House debates

Monday, 31 July 2023

Private Members' Business

Foreign Interference

12:27 pm

Photo of Julian HillJulian Hill (Bruce, Australian Labor Party) | Hansard source

This debate on Cambodian government foreign interference in Australia comes a week or so after, sadly, another sham election—another fake election—in Cambodia by the Hun Sen regime. Last time, they won 125 seats out of 125 seats. I thought: 'What could they aim for? A hundred and twenty-six?' Well, they've manipulated the results a little and they've now given themselves 120 seats, so there'll be five—probably fake—opposition members. But let's be very clear at the outset: that election has no credibility—none at all. The former opposition leader, Kem Sokha, is still jailed. He was convicted, just before the campaign, on trumped-up charges. The previous opposition party, from the election before, the CNRP, have been run out of town and are still banned; they're international exiles and fugitives—many of them, in my electorate and my community. And the Candlelight Party, the only hope for any kind of civil space or democracy to be created, was banned on a technicality just before the election. At least it's a consistent playbook, isn't it! Then, only a few days ago, good old Hun Sen and his gangster regime—I think the world's longest-serving head of government; the Robert Mugabe of South-East Asia—announced that daddy's boy, Hun Manet, is going to be the new Prime Minister. What a democracy!

But, as far as this motion goes, it's anodyne—you couldn't disagree with the words; it's apple pie on foreign interference. It is an insidious threat. I know the member for McPherson is incredibly, profoundly genuine and serious about that aspect of it, and that the Cambodian Hun Sen's CPP goon show's infiltration of Australia—its interfering in and messing with the democratic rights of our citizens; its interfering in temples and community groups; its setting up of fake organisations—is unacceptable. I've said before—I did admit it in the House—I'm very fond of the member for McPherson. But, really, for a Liberal MP, a former Liberal minister, to bring this motion—when I first read it, I thought: 'Is this a joke? Is it April Fool's Day?' What word could we use to describe it? It's gaslighting the chamber. It's trolling the Notice Paper.

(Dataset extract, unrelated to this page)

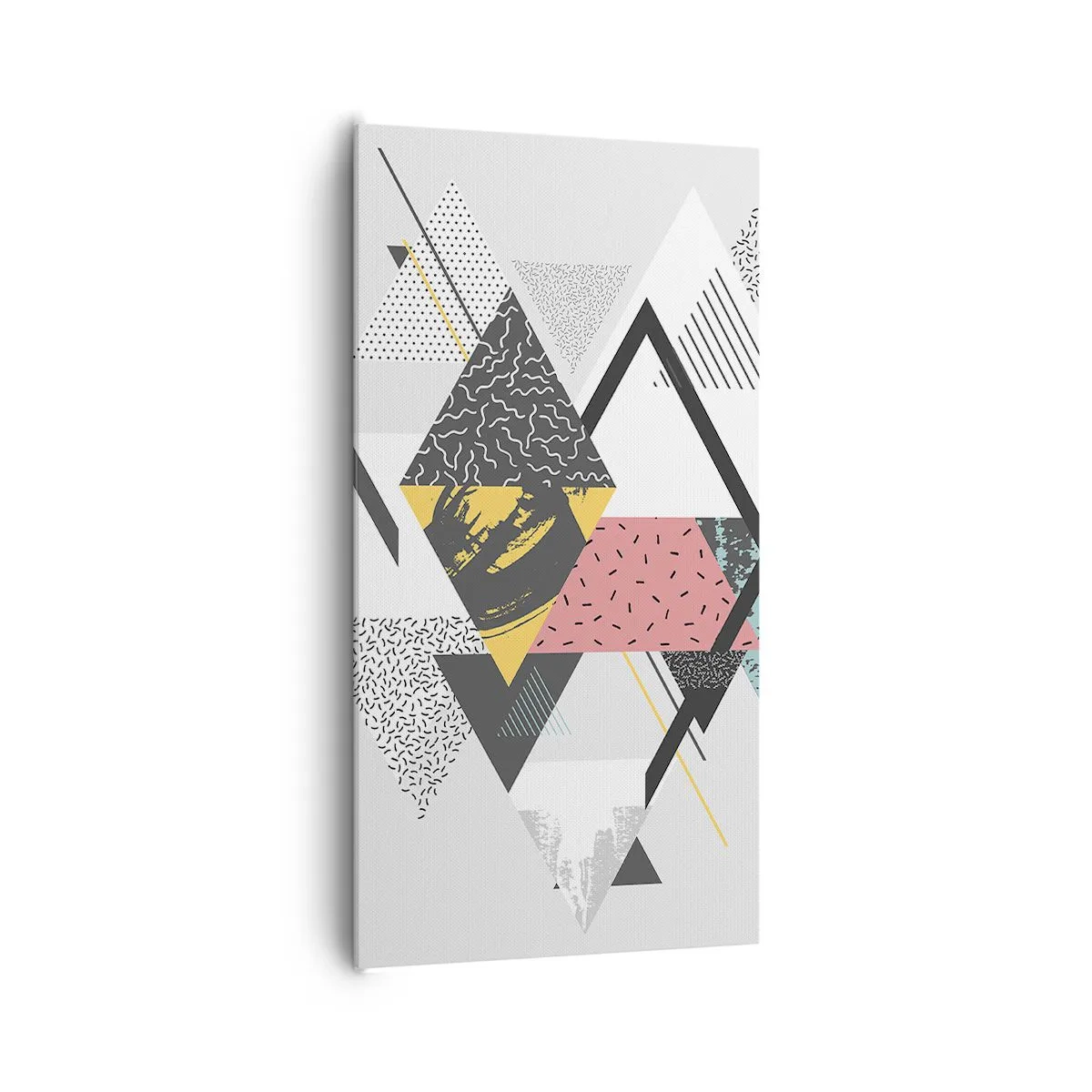 Vászonkép - Variáció háromszögön és rombuszon - 65x120 cm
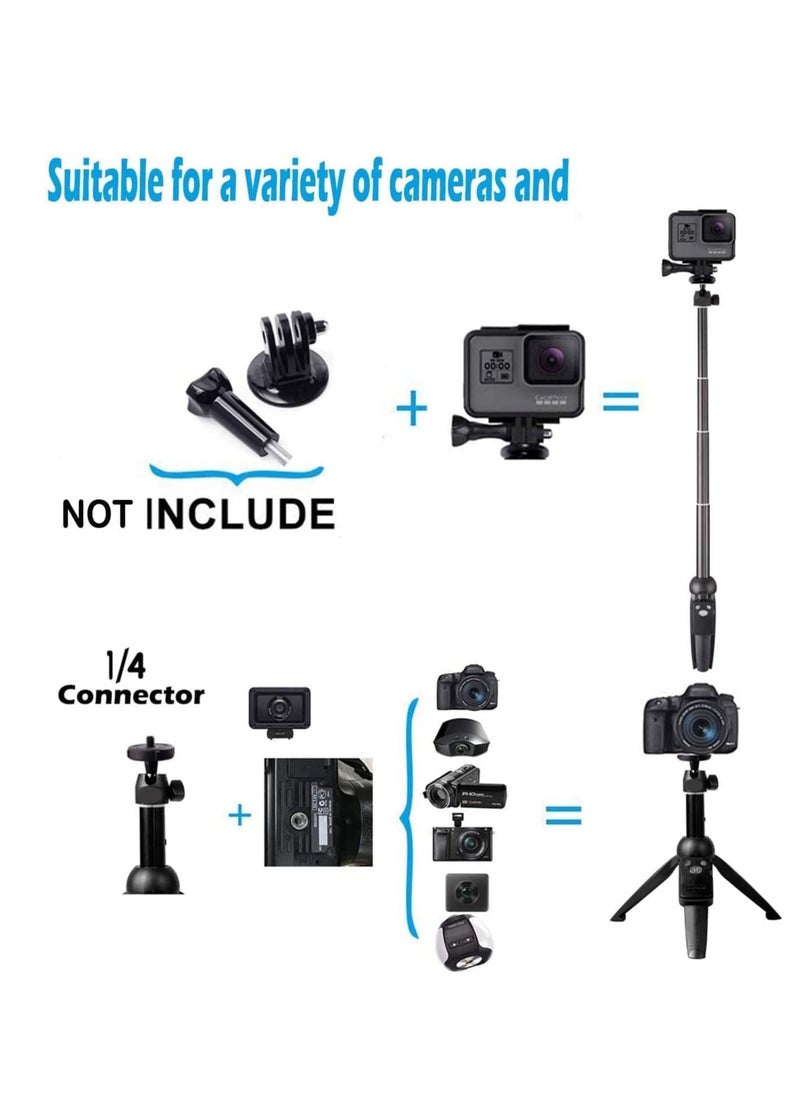 DUSALA - Selfie Stick For Phone Size 4.5-6.2Inch, Extendable Selfie Stick Tripod with Bluetooth Wireless Remote Phone Holder - Image 1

That the Liberal Party now, finally in opposition, pretend to care at all about foreign interference from the Cambodian CPP is the height of hypocrisy, and it's frankly galling for those of us in my community who've been speaking up, fighting and asking for attention for years—literally years. It wasn't the Labor Party; it was the former Liberal Prime Minister Scott Morrison who was famously photographed drinking champagne with dictator Hun Sen. It was the Liberal government that signed that disgraceful refugee deal paying that government tens of millions of dollars to house about three refugees. They did nothing for a decade. I wrote them letter after letter. Marise Payne occasionally wrote back.

Hong Lim, who you rightly mentioned, is an old friend of mine, and he and Hemara In were charged by the Hun Sen regime in the last term, when those opposite were in government, with trumped-up criminal charges for speaking out in Australia against the regime. It's an old tactic from the authoritarian playbook. They must go to conferences and give each other PowerPoints! I think DFAT said the last time they saw it was when Rwanda tried it. But there was nothing. I couldn't even get a letter back. The government did nothing. For them now to come in and pretend to care is galling.

The community angst, the death threats—I hate to say it, but they're not new. We've had them for years. It is the same nonsense. 'If you speak up in Australia against Hun Sen, we'll come and kill you or get your family.' The community angst, the fake groups—we called for visa bans, and the same goons, month after month, kept coming around in party uniforms, running fake community events, intimidating our diaspora. What I would say—and I'll choose my words carefully—is that I'm very pleased to see that there's a lot less of that now. It wasn't Labor members of parliament; I think it was Gladys Liu, when she roped Julie Bishop in, who was photographed with CPP stooges at Liberal Party fundraisers. There were countless letters to ministers and endless requests for briefings that went unanswered.

I get that this is hard. I get that Australia's power is limited. I sit on the intelligence and security committee. There are limits to what you can do. I get that you can't achieve everything in government that you'd like. I do get the fact that the extraterritoriality and jurisdictional questions are complex, particularly to combat the offensive tactic of 'We'll get your family in the home country if you speak up here.' But the previous government didn't even try on Cambodia. I just want to make that point. That's why I sound upset: because I am. I've been fighting this battle for years.

So I agree with the words, but I really wish that in the decade you were in government you'd done something there.